Bayarlah Utang dan Mintalah Maaf kepada Sesama Manusia

Kesalahan itu terbagi menjadi dua bagian. Pertama, adalah kesalahan kepada Allah SWT, dan yang kedua adalah kesalahan pada sesama manusia.

Dua macam kesalahan tidak bisa dicampuradukkan. Ketika kita melakukan kesalahan kepada manusia maka kita harus meminta maaf kepada manusia dan apabila kita memiliki kesalahan kepada Allah swt maka kita harus mohon ampunan kepada-Ny.

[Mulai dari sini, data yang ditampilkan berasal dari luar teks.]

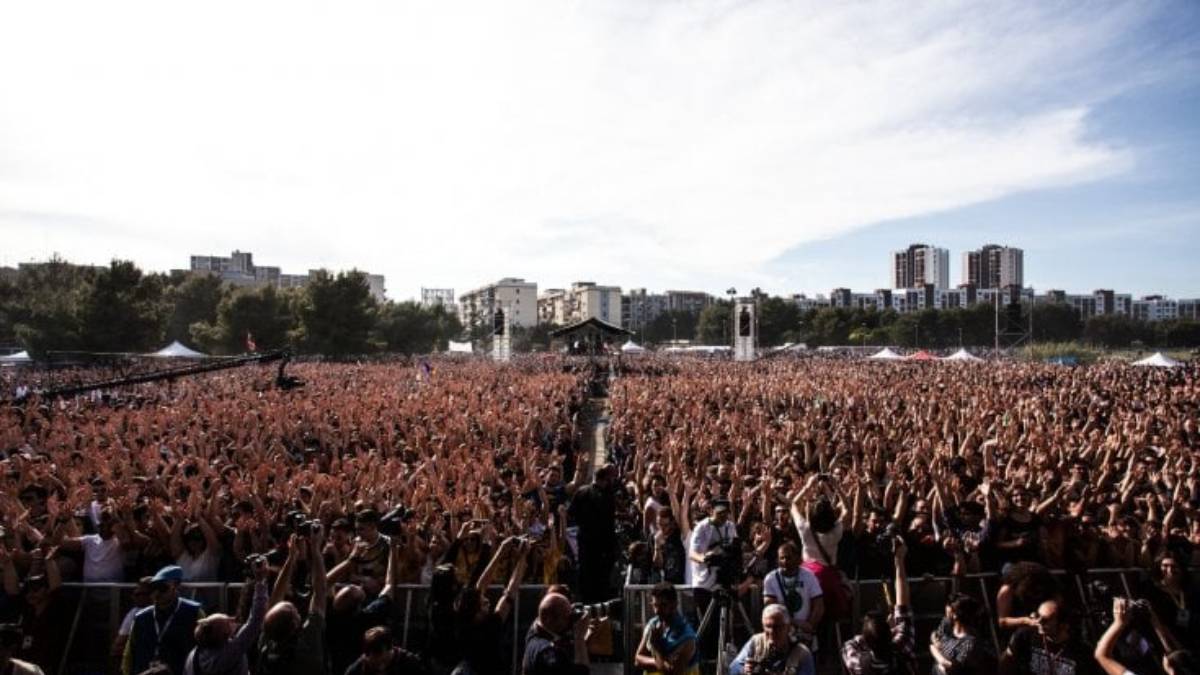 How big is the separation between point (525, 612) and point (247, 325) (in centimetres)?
5488

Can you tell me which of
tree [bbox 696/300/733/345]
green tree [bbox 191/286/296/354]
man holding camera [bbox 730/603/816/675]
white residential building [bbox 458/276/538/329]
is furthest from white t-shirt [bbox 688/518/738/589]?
white residential building [bbox 458/276/538/329]

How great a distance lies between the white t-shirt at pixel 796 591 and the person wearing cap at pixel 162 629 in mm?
3130

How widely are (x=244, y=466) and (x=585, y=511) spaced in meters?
5.78

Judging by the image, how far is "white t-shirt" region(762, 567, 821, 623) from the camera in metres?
4.50

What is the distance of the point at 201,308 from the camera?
7038 centimetres

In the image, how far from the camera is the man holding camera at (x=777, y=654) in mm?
3697

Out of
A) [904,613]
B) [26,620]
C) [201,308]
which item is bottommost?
[26,620]

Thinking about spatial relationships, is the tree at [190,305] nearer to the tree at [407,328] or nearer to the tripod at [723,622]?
the tree at [407,328]

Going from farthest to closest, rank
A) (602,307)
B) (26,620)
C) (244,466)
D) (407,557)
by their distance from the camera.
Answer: (602,307) → (244,466) → (407,557) → (26,620)

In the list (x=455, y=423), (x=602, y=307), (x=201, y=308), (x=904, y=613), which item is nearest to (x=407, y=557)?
(x=904, y=613)

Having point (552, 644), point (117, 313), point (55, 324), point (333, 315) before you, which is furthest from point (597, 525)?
point (333, 315)

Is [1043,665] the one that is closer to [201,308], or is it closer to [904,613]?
[904,613]

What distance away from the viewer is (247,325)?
5475 cm

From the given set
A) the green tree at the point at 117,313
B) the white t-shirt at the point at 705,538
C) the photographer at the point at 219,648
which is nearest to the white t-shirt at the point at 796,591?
the white t-shirt at the point at 705,538
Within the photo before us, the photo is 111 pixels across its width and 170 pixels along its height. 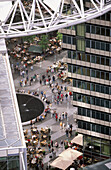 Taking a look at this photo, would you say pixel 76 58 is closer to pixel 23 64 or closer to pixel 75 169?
pixel 75 169

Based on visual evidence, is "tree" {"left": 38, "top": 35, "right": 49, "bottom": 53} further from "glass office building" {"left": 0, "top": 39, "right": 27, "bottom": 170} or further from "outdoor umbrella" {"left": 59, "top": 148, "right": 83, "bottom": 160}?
"glass office building" {"left": 0, "top": 39, "right": 27, "bottom": 170}

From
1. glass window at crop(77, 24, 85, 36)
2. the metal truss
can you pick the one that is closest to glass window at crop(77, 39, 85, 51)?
glass window at crop(77, 24, 85, 36)

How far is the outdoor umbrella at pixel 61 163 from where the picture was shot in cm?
9612

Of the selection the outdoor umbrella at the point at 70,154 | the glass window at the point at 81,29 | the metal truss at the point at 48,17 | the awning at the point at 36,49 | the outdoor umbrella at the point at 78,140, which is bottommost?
the outdoor umbrella at the point at 70,154

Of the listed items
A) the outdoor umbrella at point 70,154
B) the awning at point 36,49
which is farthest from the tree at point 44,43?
the outdoor umbrella at point 70,154

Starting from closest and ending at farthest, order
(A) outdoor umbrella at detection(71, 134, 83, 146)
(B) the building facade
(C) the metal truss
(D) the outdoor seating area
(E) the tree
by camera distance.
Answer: (C) the metal truss, (B) the building facade, (D) the outdoor seating area, (A) outdoor umbrella at detection(71, 134, 83, 146), (E) the tree

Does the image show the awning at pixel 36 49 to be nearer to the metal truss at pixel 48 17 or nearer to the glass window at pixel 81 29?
the glass window at pixel 81 29

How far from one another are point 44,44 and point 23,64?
9.43 meters

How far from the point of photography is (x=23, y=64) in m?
138

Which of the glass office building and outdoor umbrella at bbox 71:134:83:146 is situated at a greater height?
the glass office building

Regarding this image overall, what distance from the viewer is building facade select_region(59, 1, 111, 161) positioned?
94500 millimetres

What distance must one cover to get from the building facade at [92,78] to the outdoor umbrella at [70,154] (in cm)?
273

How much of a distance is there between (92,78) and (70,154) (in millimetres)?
12420

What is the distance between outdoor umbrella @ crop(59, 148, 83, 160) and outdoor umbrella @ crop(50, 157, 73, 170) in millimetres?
692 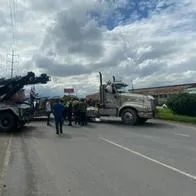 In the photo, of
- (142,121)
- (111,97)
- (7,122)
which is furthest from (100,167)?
(142,121)

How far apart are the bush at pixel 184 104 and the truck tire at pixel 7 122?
16391mm

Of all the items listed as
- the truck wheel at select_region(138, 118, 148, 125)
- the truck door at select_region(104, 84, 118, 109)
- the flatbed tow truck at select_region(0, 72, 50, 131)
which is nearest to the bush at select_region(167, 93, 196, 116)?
the truck wheel at select_region(138, 118, 148, 125)

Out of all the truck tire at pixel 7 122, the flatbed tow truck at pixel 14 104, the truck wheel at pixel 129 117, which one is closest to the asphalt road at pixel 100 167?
the truck tire at pixel 7 122

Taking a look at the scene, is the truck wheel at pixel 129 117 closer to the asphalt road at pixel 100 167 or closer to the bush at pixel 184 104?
the asphalt road at pixel 100 167

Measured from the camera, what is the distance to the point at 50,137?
61.7 ft

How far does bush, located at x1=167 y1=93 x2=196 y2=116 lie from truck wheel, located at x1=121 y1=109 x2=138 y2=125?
9.27 meters

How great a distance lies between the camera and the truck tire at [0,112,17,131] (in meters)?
22.1

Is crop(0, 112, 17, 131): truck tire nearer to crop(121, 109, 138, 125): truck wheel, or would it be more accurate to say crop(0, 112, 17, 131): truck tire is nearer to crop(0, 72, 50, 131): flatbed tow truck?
crop(0, 72, 50, 131): flatbed tow truck

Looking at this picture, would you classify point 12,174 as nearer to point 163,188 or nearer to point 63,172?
point 63,172

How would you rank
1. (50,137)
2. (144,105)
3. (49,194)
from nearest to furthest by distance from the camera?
1. (49,194)
2. (50,137)
3. (144,105)

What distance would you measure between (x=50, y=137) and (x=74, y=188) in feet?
35.0

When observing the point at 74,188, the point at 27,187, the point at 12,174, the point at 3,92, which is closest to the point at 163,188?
the point at 74,188

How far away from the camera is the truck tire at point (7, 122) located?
2209 centimetres

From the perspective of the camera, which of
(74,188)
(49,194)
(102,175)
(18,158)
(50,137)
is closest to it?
(49,194)
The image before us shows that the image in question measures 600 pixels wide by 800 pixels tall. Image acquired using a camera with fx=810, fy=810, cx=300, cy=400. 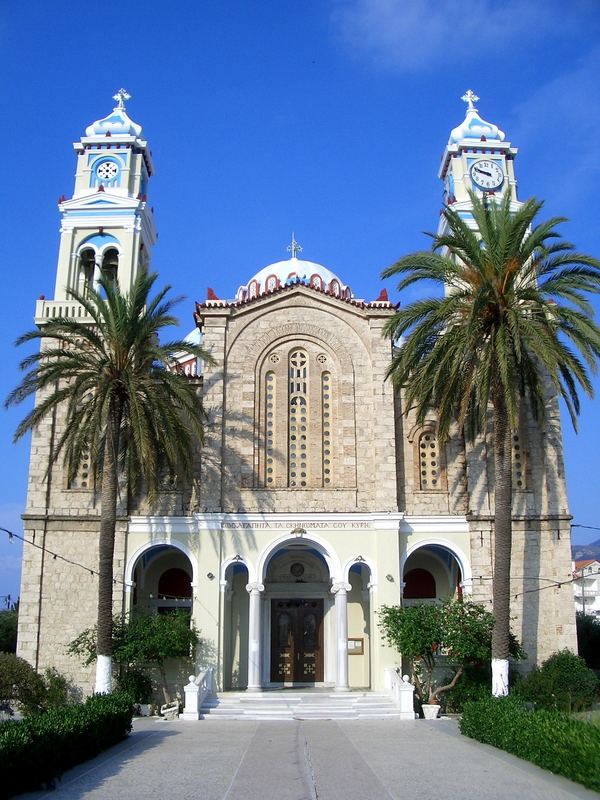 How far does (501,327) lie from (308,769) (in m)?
12.4

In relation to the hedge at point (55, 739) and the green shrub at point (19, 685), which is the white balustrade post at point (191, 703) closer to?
the green shrub at point (19, 685)

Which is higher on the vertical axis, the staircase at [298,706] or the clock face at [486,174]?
the clock face at [486,174]

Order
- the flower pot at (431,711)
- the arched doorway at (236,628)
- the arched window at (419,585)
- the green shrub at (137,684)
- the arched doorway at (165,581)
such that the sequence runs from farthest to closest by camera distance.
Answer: the arched window at (419,585) < the arched doorway at (165,581) < the arched doorway at (236,628) < the green shrub at (137,684) < the flower pot at (431,711)

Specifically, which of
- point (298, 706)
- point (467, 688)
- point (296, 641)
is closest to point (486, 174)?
point (296, 641)

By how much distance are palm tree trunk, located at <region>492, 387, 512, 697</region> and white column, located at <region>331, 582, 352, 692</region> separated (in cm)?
521

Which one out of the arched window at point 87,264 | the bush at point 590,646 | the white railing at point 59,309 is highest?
the arched window at point 87,264

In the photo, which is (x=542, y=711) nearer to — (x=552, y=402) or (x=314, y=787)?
(x=314, y=787)

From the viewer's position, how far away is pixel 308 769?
14.2 meters

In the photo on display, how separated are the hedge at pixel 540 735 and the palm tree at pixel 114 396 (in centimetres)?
1045

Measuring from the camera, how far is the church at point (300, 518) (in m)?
25.3

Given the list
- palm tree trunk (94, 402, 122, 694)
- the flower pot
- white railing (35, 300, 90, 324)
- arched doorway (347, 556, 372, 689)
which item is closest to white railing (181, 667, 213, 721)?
palm tree trunk (94, 402, 122, 694)

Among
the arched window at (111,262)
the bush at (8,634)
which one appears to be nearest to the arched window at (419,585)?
the arched window at (111,262)

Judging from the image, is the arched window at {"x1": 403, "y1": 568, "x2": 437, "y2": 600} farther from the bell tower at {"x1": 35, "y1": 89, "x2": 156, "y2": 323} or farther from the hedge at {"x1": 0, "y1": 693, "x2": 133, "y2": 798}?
the bell tower at {"x1": 35, "y1": 89, "x2": 156, "y2": 323}

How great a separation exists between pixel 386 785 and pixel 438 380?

Di momen hari raya Idul Fitri, biasanya masyarakat Indonesia melakukan kegiatan halal bihalal. Setelah memohon ampunan dan mendekatkan diri kepada Allah, dengan berpuasa penuh di bulan Ramadhan, penuh harap agar diampuni dosa-dosanya. Maka tinggal satu dosa yang harus kita selesaikan, yaitu dosa atau kesalahan kepada sesama manusia yang biasa disebut dengan haqqul adami.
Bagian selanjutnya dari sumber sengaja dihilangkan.